# Equivalence of Definitions of Finite Galois Extension

## Theorem

Let $L/K$ be a finite field extension.

The following definitions of the concept of **Finite Galois Extension** are equivalent:

### Definition 1

$L/K$ is a **Galois extension** if and only if the fixed field of its automorphism group is $K$:

- $\map {\operatorname{Fix}_L} {\Gal {L / K} } = K$

### Definition 2

$L/K$ is a **Galois extension** if and only if it is normal and separable.

### Definition 3

$L / K$ is a **Galois extension** if and only if the order of the automorphism group $\Aut {L / K}$ equals the degree $\index L K$:

- $\order {\Aut {L / K} } = \index L K$

## Proof

### 1 implies 2

Note that by Finite Field Extension has Finite Galois Group, $G = \Aut {L / K}$ is finite.

Let $\alpha \in L$.

Then its orbit under $G$ is finite.

By:

its minimal polynomial over $K$ splits completely in $L$.

Thus $L / K$ is normal.

By:

$L / K$ is separable.

$\Box$

### 2 implies 3

Since $L / K$ is Galois, it is separable.

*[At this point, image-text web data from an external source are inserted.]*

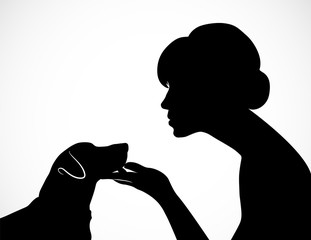 Silhouette of a young woman holding cute dog's Jack Russell Terrier muzzle on her palm. Friendship of a person and a pet. Conceptual vector illustration.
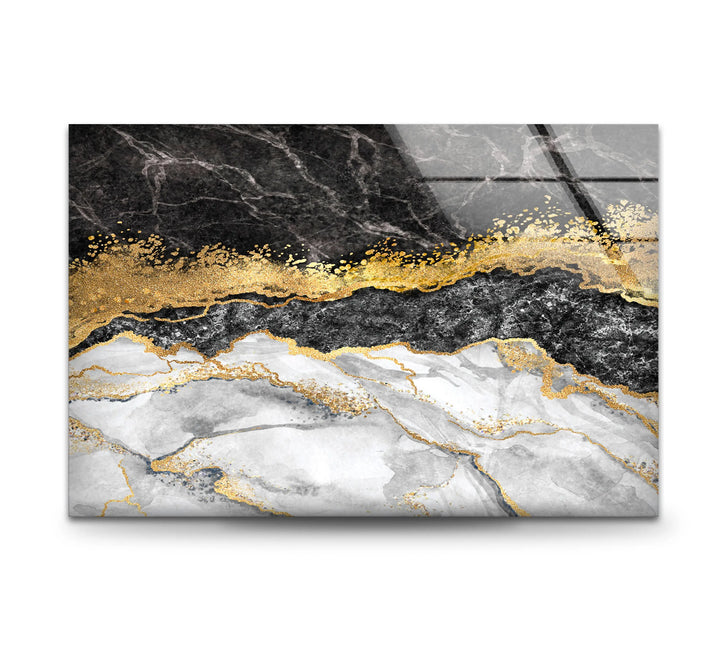 Black White Gold Marble Glass Wall Art, glass art painting, glass art for the Wall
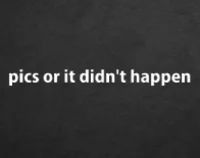 Pics Or It Didnt Happen — White lowercase text reading 'pics or it didn't happen' on a plain dark background.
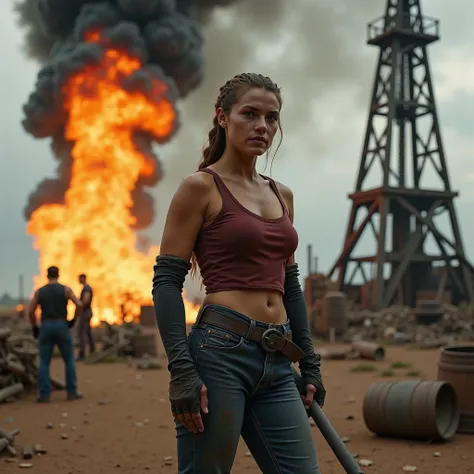  Cinematic ultra-realistic early 20th-century oil drilling scene featuring a powerful, athletic young woman with light brown skin, long blonde-brown braided hair, and a determined, weathered expression from intense physical labor. She wears a fitted crimso...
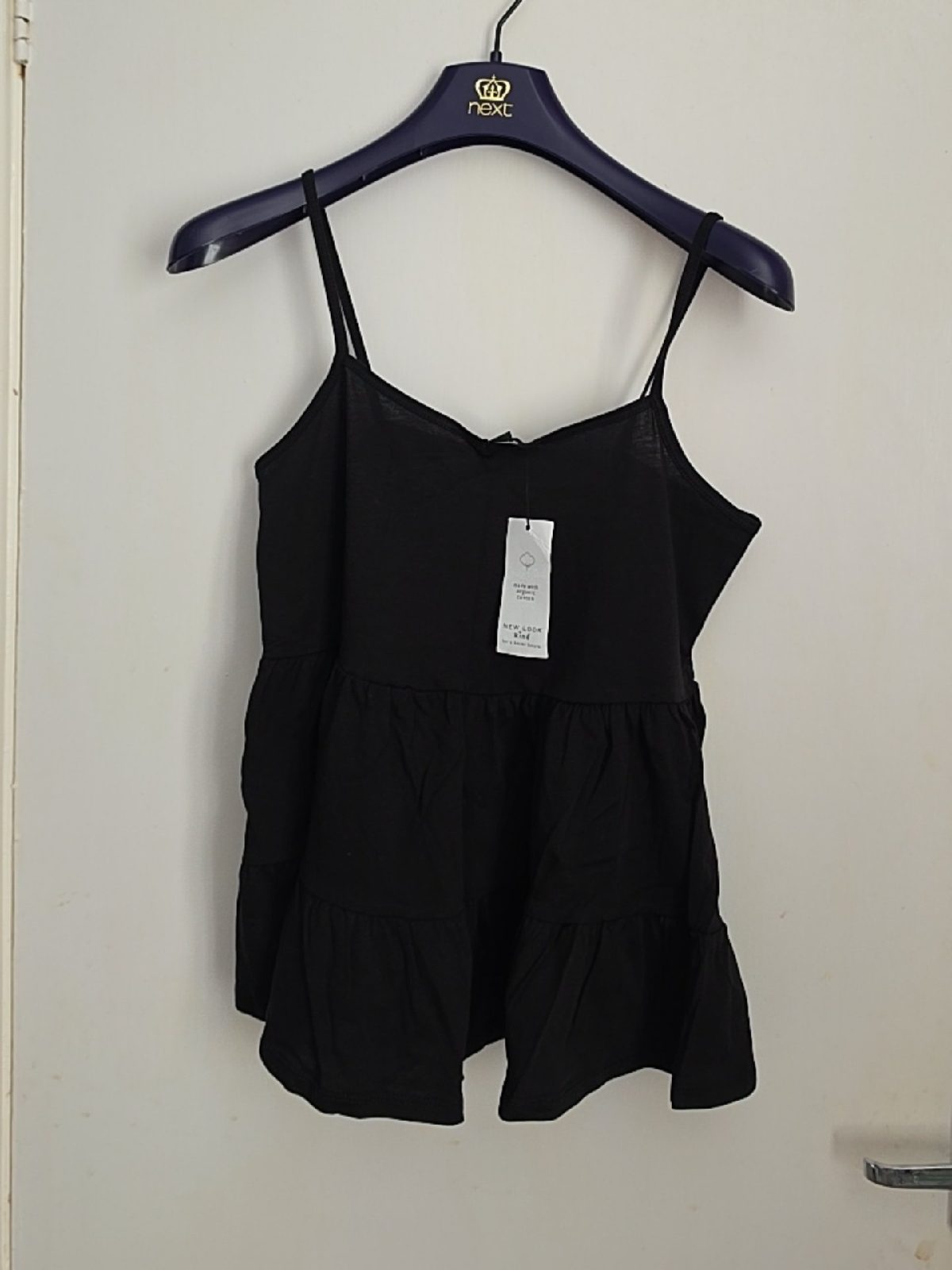 New Look Black Organic Cotton Tiered Peplum Cami — Size UK 10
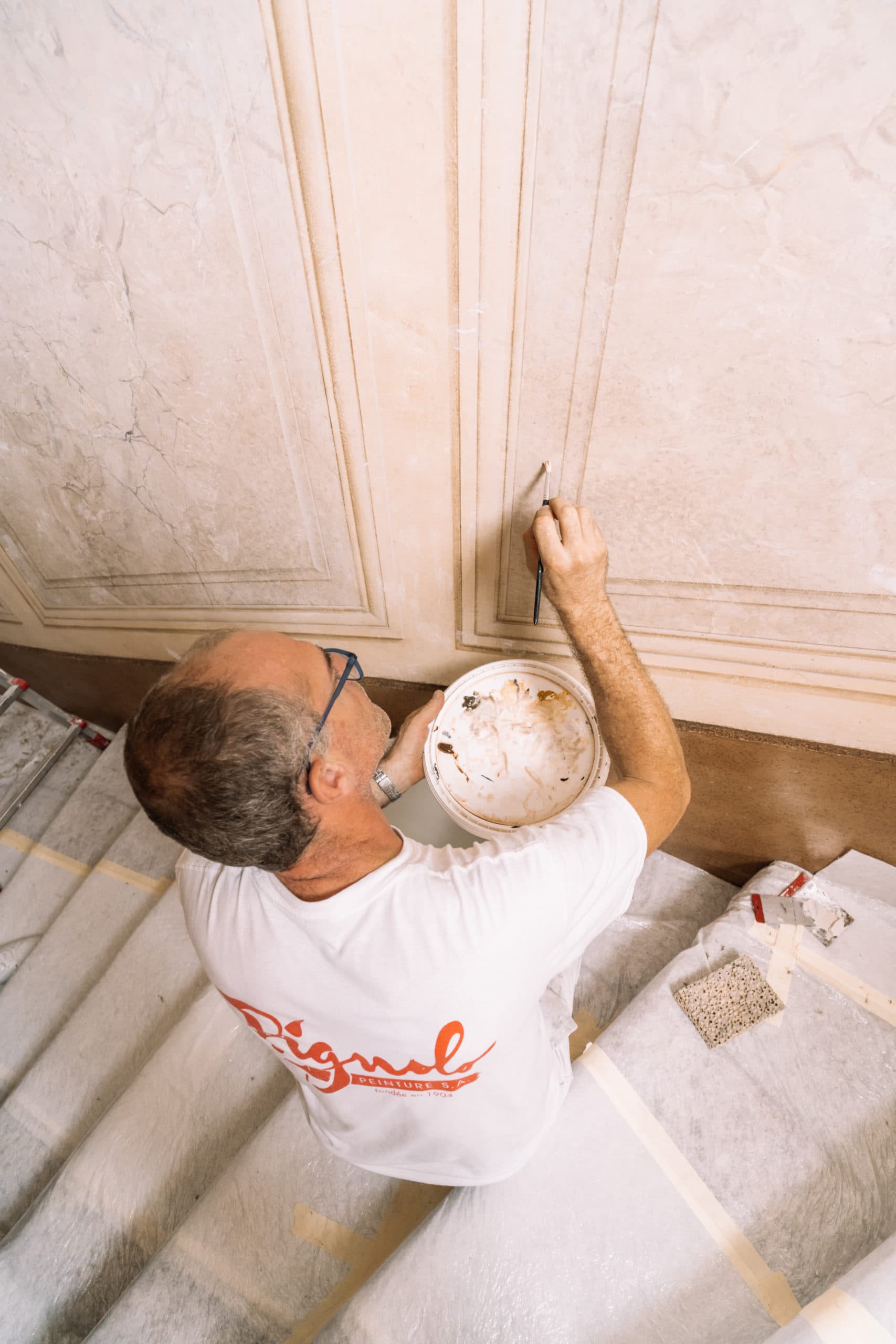 Restauration faux marbre sur site classé
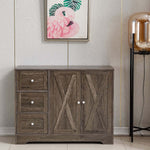 Farmhouse Sideboard Storage Cabinet in rustic brown with three drawers and two doors, ideal for kitchen and dining room organization.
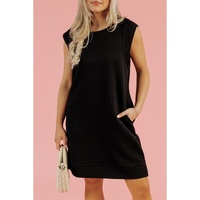Black Textured Cap Sleeve T-shirt Shift Mini Dress - L thumbnail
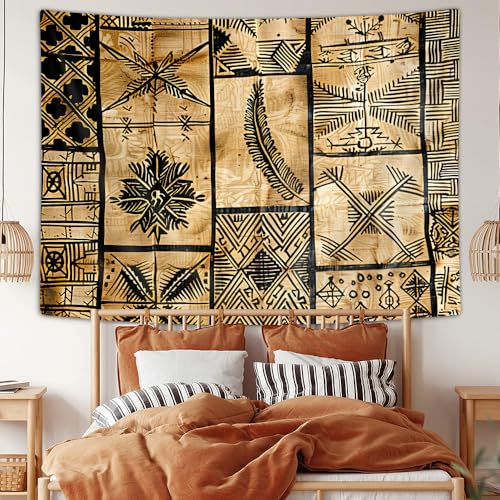 bzwcbei Polynesian Tapestry, Samoan Tapestry Aesthetics Wall Hanging for Bedroom, Tiki Traditional Pacific Island Tapa Tapestries Poster Blanket College Dorm Home Decor 71X60Inches - size: 71"L x 60"W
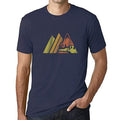 Ultrabasic - Homme Graphique Montagne Rétro Écran Impression de Lettre Tee Shirt Cadeau French Marine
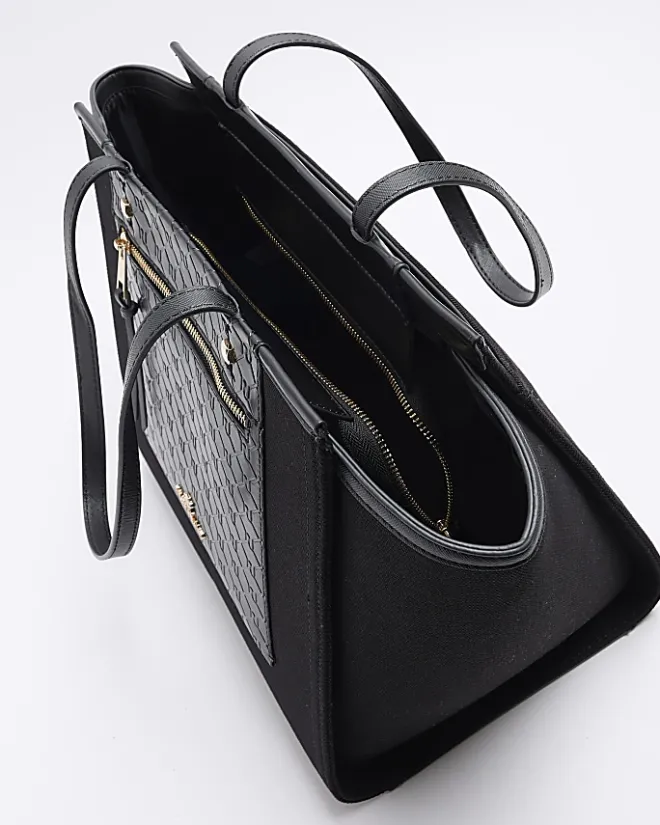 River Island canvas embossed RI shopper bag Black Discount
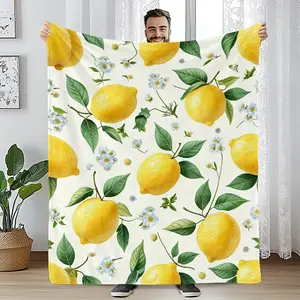 Watercolor Yellow Lemon Citrus Lover Gift Soft Cozy Flannel Blanket - Fresh Summer Lemon Floral Leaf Print Plush Throw, Warm Fuzzy Bedroom Sofa Couch Blanket, Perfect Birthday Housewarming Holiday Gift for Women Girls Lemon Fans Home Decor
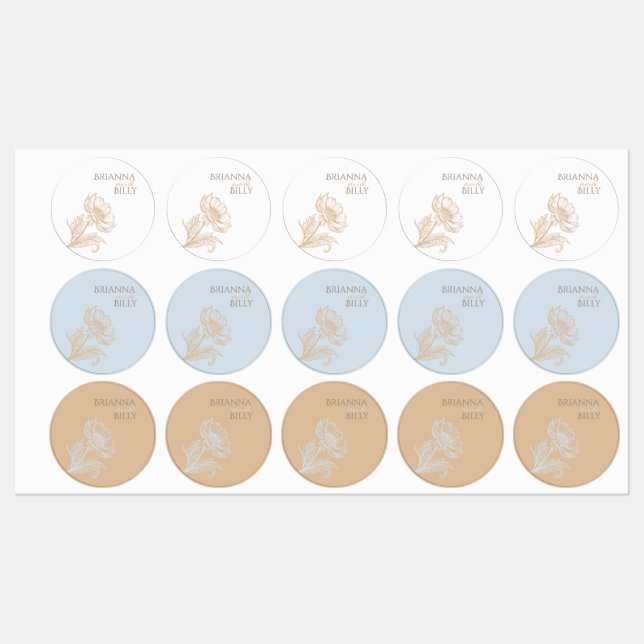 Minimalist Floral Wedding Stickers Etiketten (Blatt)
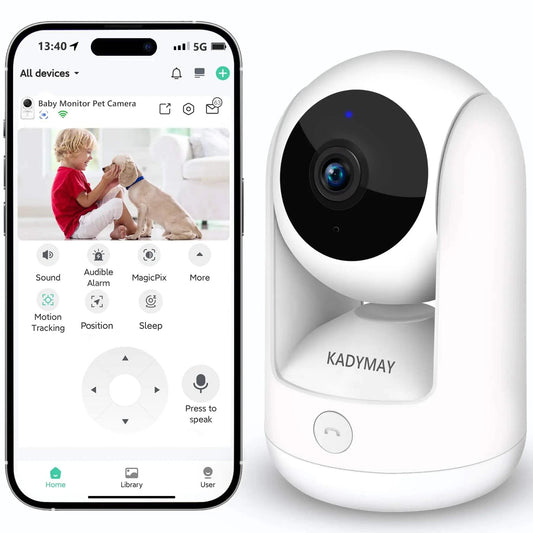 Kadymay 2K HD Indoor Pet Cam with one-key call, motion tracking, and 2-way audio displayed next to smartphone app.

Thus, by the Primitive Element Theorem, there exists an $\alpha \in L$ such that $L = \map K \alpha$.

Let $m_\alpha \in K \sqbrk x$ be the minimal polynomial of $\alpha$ over $K$.

Then:

- $\index L K = \map \deg {m_\alpha}$

Suppose $\sigma \in \Gal {L / K}$.

Then:

- $\map {m_\alpha} {\map \sigma \alpha} = \map \sigma {\map {m_\alpha} \alpha} = \map \sigma 0 = 0$

since $m_\alpha$ has coefficients in $K$.

Therefore $\map \sigma \alpha$ must be a root of $m_\alpha$.

Every element of $\Gal {L / K}$ is determined by its value at $\alpha$ by our assumption that $L = \map K \alpha$.

Therefore:

- $\order {\Gal {L / K} } \le \map \deg {m_\alpha} = \index L K$

Next, suppose $\beta$ is a root of $m_\alpha$.

By the normality of $L / K$, we must have $\beta \in L$.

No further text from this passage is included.